→ Data for this task:
┄┄┄┄┄┄┄┄┄┄

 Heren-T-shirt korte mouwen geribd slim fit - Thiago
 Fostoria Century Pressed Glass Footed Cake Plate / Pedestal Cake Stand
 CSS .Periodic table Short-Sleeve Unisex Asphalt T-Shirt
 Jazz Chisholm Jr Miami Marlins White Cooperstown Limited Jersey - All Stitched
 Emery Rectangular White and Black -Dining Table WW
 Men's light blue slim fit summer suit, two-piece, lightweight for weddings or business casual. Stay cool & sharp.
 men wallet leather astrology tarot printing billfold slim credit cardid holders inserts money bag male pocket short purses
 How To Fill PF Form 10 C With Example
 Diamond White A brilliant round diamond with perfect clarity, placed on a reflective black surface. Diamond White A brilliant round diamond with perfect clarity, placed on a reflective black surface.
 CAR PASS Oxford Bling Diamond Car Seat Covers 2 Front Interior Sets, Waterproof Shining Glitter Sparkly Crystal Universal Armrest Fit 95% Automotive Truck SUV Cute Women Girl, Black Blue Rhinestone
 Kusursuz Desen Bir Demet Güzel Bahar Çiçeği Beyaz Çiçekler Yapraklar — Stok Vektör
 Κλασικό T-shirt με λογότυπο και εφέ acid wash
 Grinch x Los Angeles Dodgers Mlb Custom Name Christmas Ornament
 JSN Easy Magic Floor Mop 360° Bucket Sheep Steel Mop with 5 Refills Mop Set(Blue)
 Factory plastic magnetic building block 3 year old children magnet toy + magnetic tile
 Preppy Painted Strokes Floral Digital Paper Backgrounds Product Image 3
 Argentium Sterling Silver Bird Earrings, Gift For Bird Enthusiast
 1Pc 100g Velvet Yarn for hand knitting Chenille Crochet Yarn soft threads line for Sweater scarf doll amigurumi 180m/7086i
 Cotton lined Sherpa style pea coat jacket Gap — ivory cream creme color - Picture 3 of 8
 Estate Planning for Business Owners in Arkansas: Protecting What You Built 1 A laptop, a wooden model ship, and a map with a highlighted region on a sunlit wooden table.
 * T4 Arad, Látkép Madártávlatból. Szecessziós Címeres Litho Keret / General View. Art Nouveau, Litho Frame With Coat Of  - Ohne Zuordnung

┄┄┄┄┄┄┄┄┄┄

→ Problem details: Go through the records line by line, and copy each line that holds the string "Diamond".

→ Response for this exercise:
 Diamond White A brilliant round diamond with perfect clarity, placed on a reflective black surface. Diamond White A brilliant round diamond with perfect clarity, placed on a reflective black surface.
 CAR PASS Oxford Bling Diamond Car Seat Covers 2 Front Interior Sets, Waterproof Shining Glitter Sparkly Crystal Universal Armrest Fit 95% Automotive Truck SUV Cute Women Girl, Black Blue Rhinestone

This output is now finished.